Once, three weeks or so ago, she had set her fingertips against his cheek-and then removed them as if she had scalded her hand.

Today she had almost kissed him-and then moved jerkily away.

He was aware suddenly that she was standing in front of him. He looked up at her, prepared to smile and suggest that they go and look at the house. But her eyes were huge and deep, giving him the curious impression that he could see right through to her soul. And she set her fingertips again just where they had been that other time.

“You are not ugly, Mr. Butler,” she said. “You are not. Truly you are not.”

And she bent her head and set her lips against the left side of his mouth. They trembled quite noticeably, and he felt her breath being released in awkward little jerks against his cheek. But she did not give him just a token little peck of a kiss to prove that she had the courage to do it. She kept her lips where they were long enough for him to taste her, to want her with a yearning so intense that he gripped the arm of the seat almost hard enough to put a dent in the wood.

When she lifted her head, she looked down at him again in that peculiar way she had of focusing on both sides of his face. Her eyes were swimming with tears, he noticed.

“You are not ugly,” she said again almost fiercely, as if, perhaps, to convince herself.

“Thank you.” He forced himself to smile, even to chuckle. “Thank you, Miss Jewell. You are very kind.”

He understood fully what it must have cost her to touch him thus. But she was a woman of some compassion. It was not her fault that he felt bleaker than he had felt in a long, long while.

She had tasted of sunshine and woman and dreams.

“May I show you the house?” he asked her, getting to his feet.

“Yes, please,” she said. “I have been looking forward to it all day.”

And then he did something terribly distressing that he had not done for a long time. He offered her his right arm to take.

Except that nothing happened.

It was not there.

She fell into step beside him, not even knowing he had made the gesture.

For a fraction of a moment he had forgotten that he was only half a man.



She was terribly aware of him as they entered the cool, silent house and he showed her each of the rooms upstairs and down. She was aware of him as a man, as a sexual being for whom her own woman’s body ached.

She was half terrified by the feeling, half fascinated by it.

She had been very careful as she kissed him not to touch his right side.

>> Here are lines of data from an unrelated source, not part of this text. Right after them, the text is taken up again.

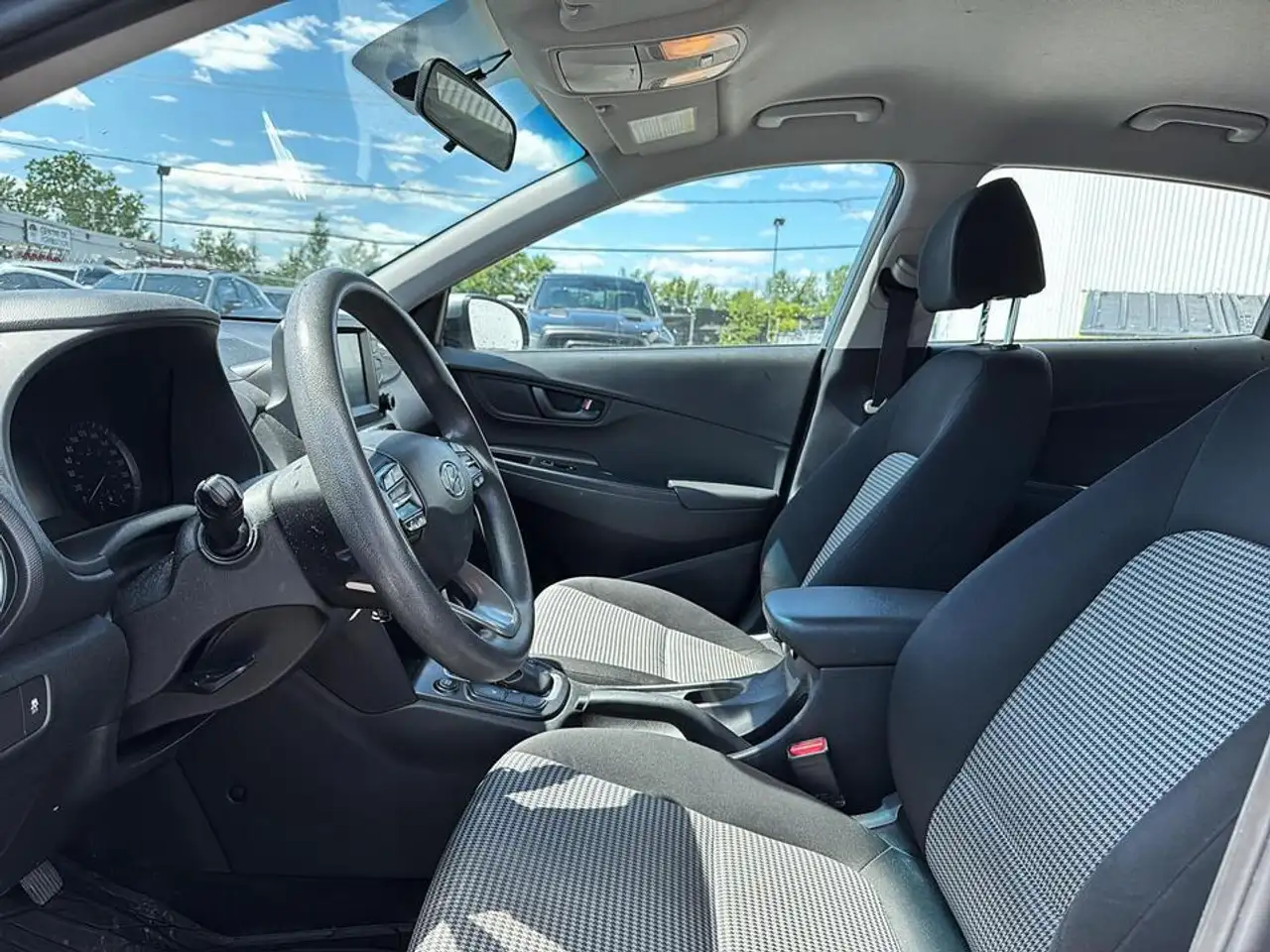 Hyundai KONA снимка Hyundai KONA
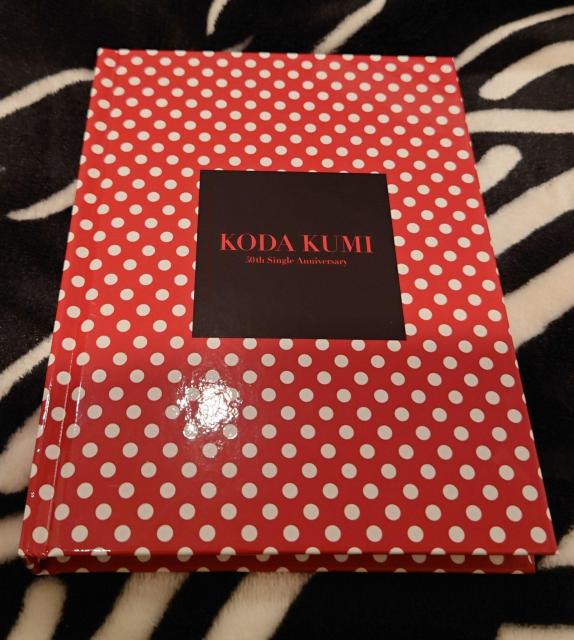 倖田來未 4TIMES CD+50枚ポストカード < タレントグッズ 倖田來未 4TIMES CD+50枚ポストカード < タレントグッズの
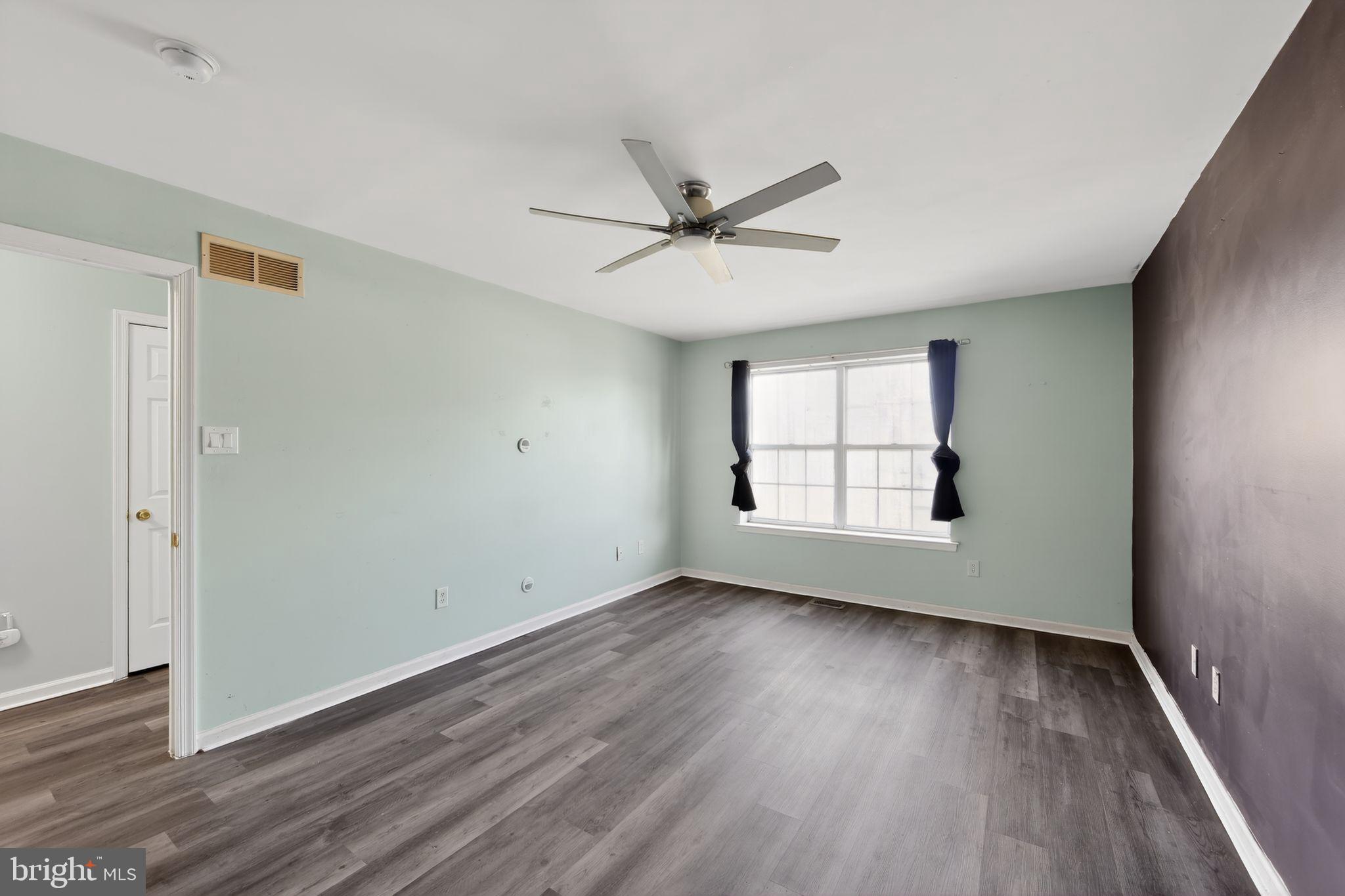 WATERFORD GREENE - Residential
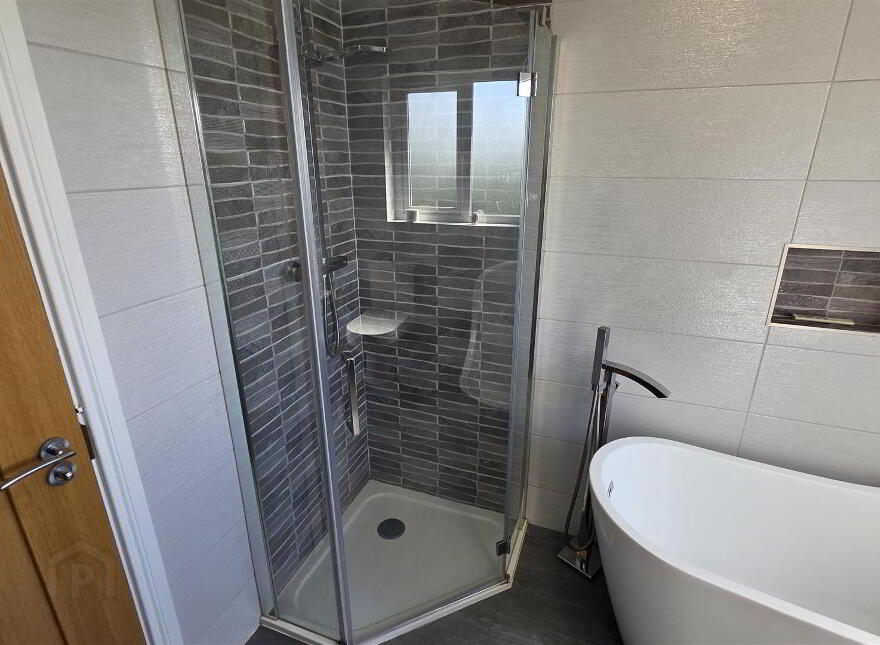 4 Fir Grove Lane, Antrim, BT41 4PD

But she had been very conscious of that right side, afraid that she would reach out and touch him after all-rather as people who are afraid of heights are terrified that they will jump from a tower or cliff.

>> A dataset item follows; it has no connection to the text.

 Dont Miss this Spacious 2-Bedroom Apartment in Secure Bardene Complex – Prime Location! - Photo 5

Yet it was not his right side she most feared.

She had also been very aware as she kissed him of his masculinity, of the intimacy that had lain just a heartbeat away, though his lips had not moved against hers, and his hand had not touched her.

It was his masculinity she most feared.

Or, rather, her own damaged femininity.

“It is a lovely house,” she said after a while. “I can understand why you are so attached to it. The rooms are square and high-ceilinged and almost stately, are they not? And the windows fill them with light.”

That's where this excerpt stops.